• _Data below_:
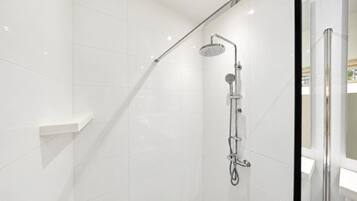 Refresh in a sleek, modern walk-in shower featuring a rainfall showerhead, handheld shower, and elegant white tiles.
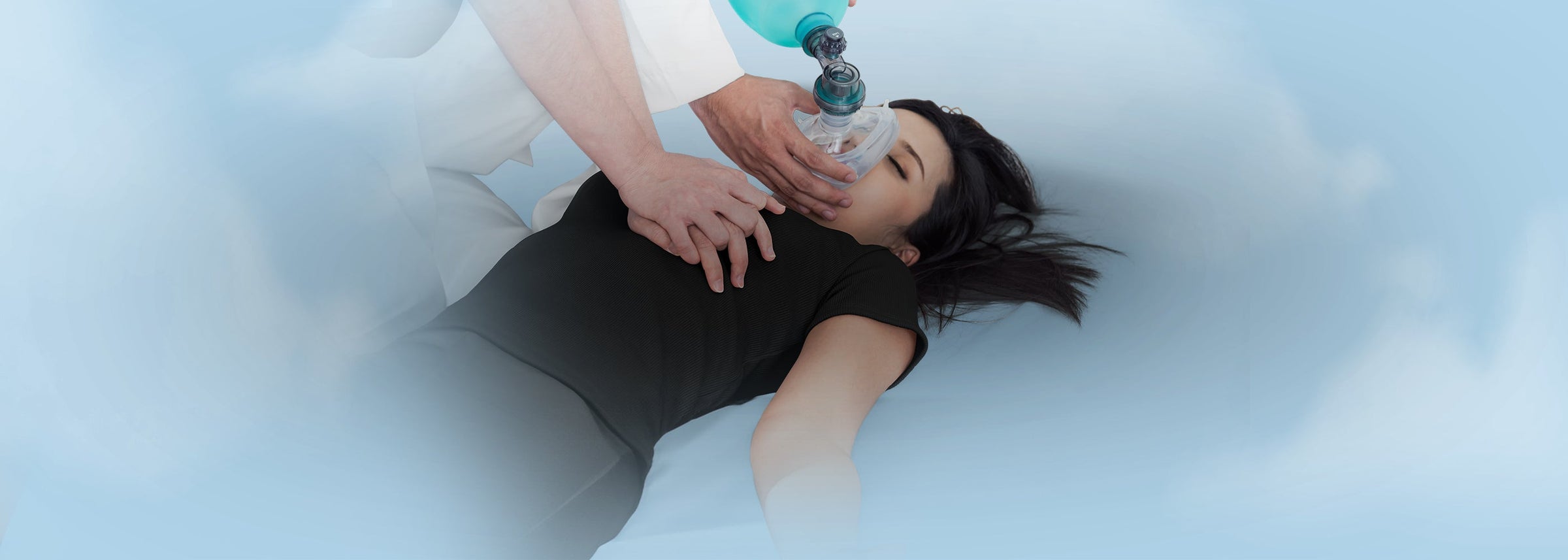 Medical professional administering CPR to a patient using a rescue mask and manual resuscitator, illustrating emergency airway management supplies and face shields.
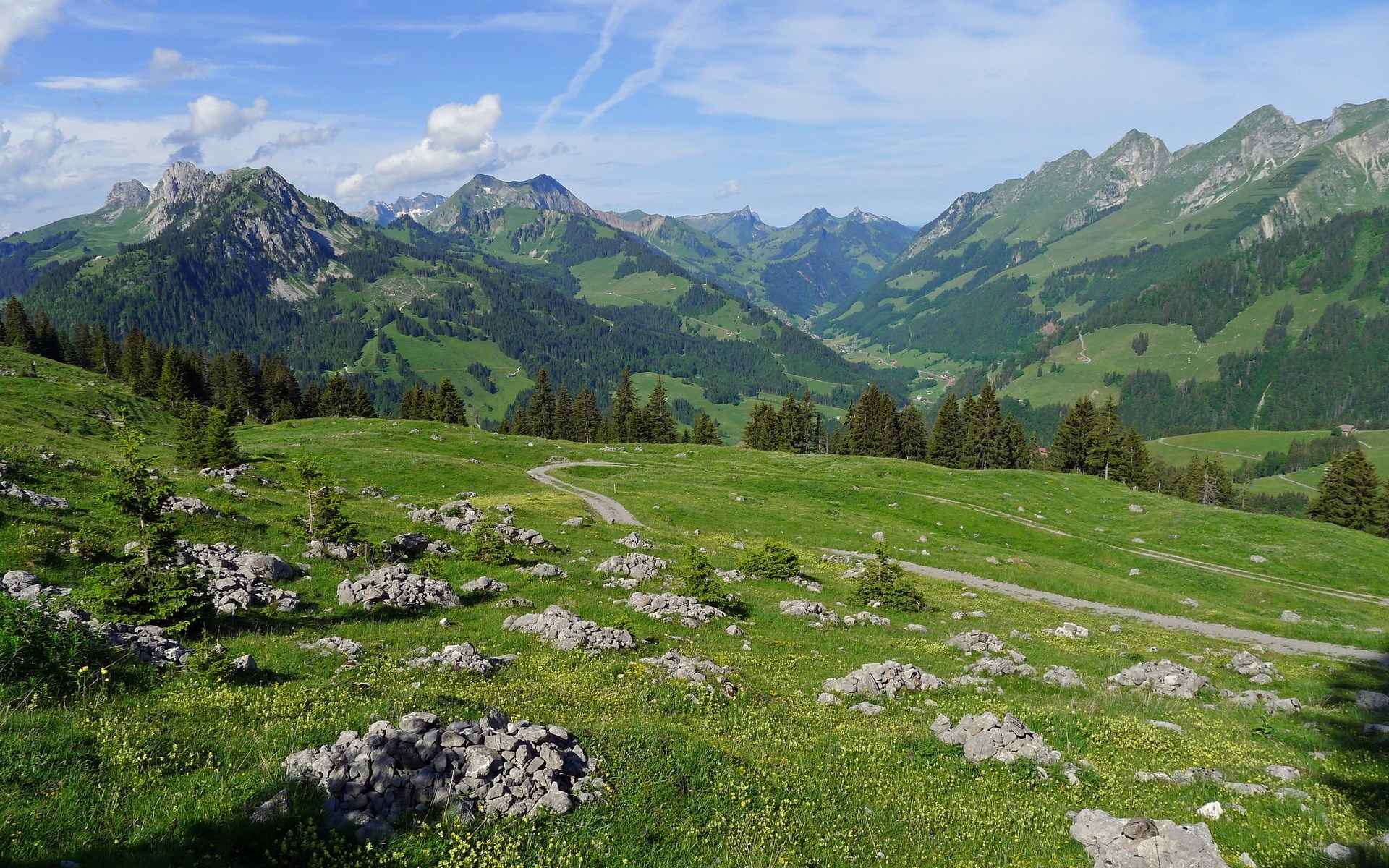 Mountain valley with green hills and rocky foreground HD Wallpaper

• _Work request_: Each line from the one that holds "Medical professional administering" through the final line of the data must be retyped exactly; the pictures must not appear.

• _Exercise result_:
 Medical professional administering CPR to a patient using a rescue mask and manual resuscitator, illustrating emergency airway management supplies and face shields.
 Mountain valley with green hills and rocky foreground HD Wallpaper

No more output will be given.